The illusion of objectivity also implies that motivated reasonings must appear logically valid to the motivated reasoners themselves. Still, a motivated reasoning may be compelling only for people who want to endorse its conclusion, but possibly not for neutral observers, and probably not for adversaries, who want to endorse the opposite conclusion.

To uphold the illusion of objectivity, it seems necessary that people are not aware of any bias present in their reasoning; as such, motivated reasoning seems to entail self-deception. The necessity to uphold the illusion of objectivity may seem to entail that people have little latitude in constructing motivated reasonings. Still, to support a preferred conclusion, people may unknowingly display a bias in any number of the cognitive processes that underlie reasoning.

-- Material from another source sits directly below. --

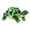 Green, variant on BINGLI Cute Plush Emulation Sea Turtle Stuffed Animals Toy Cushion Doll, 11.8" /30cm Tortoise Plushie Toys Best Birthday Christmas Great Gifts for The Children Kids Baby Toys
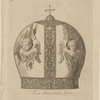 A Greek Patriarchal Crown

Mechanisms of Motivated Reasoning

First, people may exhibit motivated skepticism: They may examine information consistent with their preferred conclusions less critically than they examine information inconsistent with those conclusions. Although information consistent with a preferred conclusion is accepted at face value, people may spontaneously try to refute information inconsistent with that conclusion. People also view arguments as stronger or as more persuasive if these arguments happen to be consistent with their preferred conclusions than if the arguments are inconsistent with the preferred conclusions. Motivated skepticism implies that people require less information to reach a preferred conclusion than to reach nonpreferred conclusions.

Second, and related to motivated skepticism, people may use statistical information in a motivated way. For instance, people attach more value to evidence based on a small sample size if the evidence supports their position than if it opposes it. Consistent with the illusion of objectivity that motivated reasoners have to uphold, for large sample sizes, the value attached to favorable and unfavorable evidence is rather similar. Also, although people commonly neglect base rate information, they may use that information if it supports their preferred conclusions.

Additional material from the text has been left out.